First-year design studio tackles architectural lighting challenge

Alireza Borhani

First-year Texas A&M environmental design students vaulted into the vast world of architecture this month tackling a studio project that challenged them to cast natural light around a corner and deep into the darkest recesses of structure.

Architecture lecturer Alireza Borhani tasked students with designing and fabricating an L-shaped building model through which light could move vertically down a long chimney, then horizontally to illuminate a painting at the far end of a dark room. Limited only to designs that could be replicated at full scale, students used mirrors, prisms and even water to conduct light into darkness.

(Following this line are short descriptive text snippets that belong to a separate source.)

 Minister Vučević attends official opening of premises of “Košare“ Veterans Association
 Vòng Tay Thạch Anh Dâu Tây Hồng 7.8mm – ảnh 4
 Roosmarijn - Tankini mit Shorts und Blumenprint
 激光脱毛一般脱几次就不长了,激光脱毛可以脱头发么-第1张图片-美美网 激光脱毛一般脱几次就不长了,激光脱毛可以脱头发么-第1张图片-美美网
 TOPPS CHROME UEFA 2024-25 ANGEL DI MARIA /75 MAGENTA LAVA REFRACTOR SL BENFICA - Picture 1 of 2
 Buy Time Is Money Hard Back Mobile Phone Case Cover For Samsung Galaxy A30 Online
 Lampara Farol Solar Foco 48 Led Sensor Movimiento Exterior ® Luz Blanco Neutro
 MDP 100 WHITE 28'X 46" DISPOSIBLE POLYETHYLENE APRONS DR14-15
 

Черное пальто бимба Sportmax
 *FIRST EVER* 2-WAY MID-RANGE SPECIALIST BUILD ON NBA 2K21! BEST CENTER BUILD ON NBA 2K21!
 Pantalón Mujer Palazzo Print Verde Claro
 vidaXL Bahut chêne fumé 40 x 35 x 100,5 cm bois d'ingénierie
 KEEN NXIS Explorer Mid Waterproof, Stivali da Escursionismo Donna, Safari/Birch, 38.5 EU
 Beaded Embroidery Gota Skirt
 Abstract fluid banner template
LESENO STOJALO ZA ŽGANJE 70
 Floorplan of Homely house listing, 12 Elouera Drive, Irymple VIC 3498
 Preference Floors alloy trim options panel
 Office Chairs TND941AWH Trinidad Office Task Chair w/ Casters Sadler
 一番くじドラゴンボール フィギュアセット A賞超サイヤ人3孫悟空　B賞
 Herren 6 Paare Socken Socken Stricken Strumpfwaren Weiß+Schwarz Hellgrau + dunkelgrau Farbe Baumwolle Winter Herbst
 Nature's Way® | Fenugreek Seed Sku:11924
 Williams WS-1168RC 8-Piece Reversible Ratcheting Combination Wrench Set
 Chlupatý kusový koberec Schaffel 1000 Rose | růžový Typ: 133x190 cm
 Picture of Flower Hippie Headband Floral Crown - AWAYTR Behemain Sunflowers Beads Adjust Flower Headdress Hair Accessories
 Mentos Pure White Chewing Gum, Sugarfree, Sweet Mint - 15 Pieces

The point of the exercise was not just to move light 90 feet, but to familiarize students with design software and the College of Architecture’s state-of-the-art Automated Fabrication and Design Lab, said Borhani. The exercise, without an easily reproducible precedent, was also crafted he said, to bolster students’ confidence, encourage risk-taking and creativity in design.

“The ultimate lesson I can share with my students is to recognize mistakes quickly,” he said. “Each failure opens more opportunities for success.”

One team’s initial design failure eventually became “the most beautiful idea” in the challenge, said Borhani.

It took four design iterations for Jared Labus of Floresville, Texas and Sean Nimmons of Houston to create a structure in which half-spheres filled with water magnified incoming light, creating a mesmerizing, undulating light on the painting.

“It was difficult and it pressed the extent of what we thought we could do,” Nimmons said. “But after all the trial and error, we made something beautiful.”

Other teams used mirrors and prisms to capture and move light into the structure with various levels of success.

“Light is very difficult to control,” said 18-year-old Gage Finke of Comfort, Texas, as he demonstrated his double-helix plexiglass and mirror model at the Oct. 6 review. His design was beautiful in symmetry and appearance, but unable to draw light to the painting.

In another project, Sarah Hluza, from Houston, and Danielle Benavides, from Laredo, Texas, created a light chimney lined with rectangular mirrors at 45- and 60-degree angles.

“We wanted to capture the sun no matter where it was in the sky,” said Hluza. “It doesn’t do the best job of getting the light to the painting, but considering it was our first project as architecture majors, it was very rewarding.”

The month-long project, said Borhani, gave students confidence to design future projects and exposed them to the full cycle of design, from concept to the realization of a working prototype.

“They cannot call themselves designers or architects yet, but they have made something and have a better understanding of the architectural world,” Borhani said.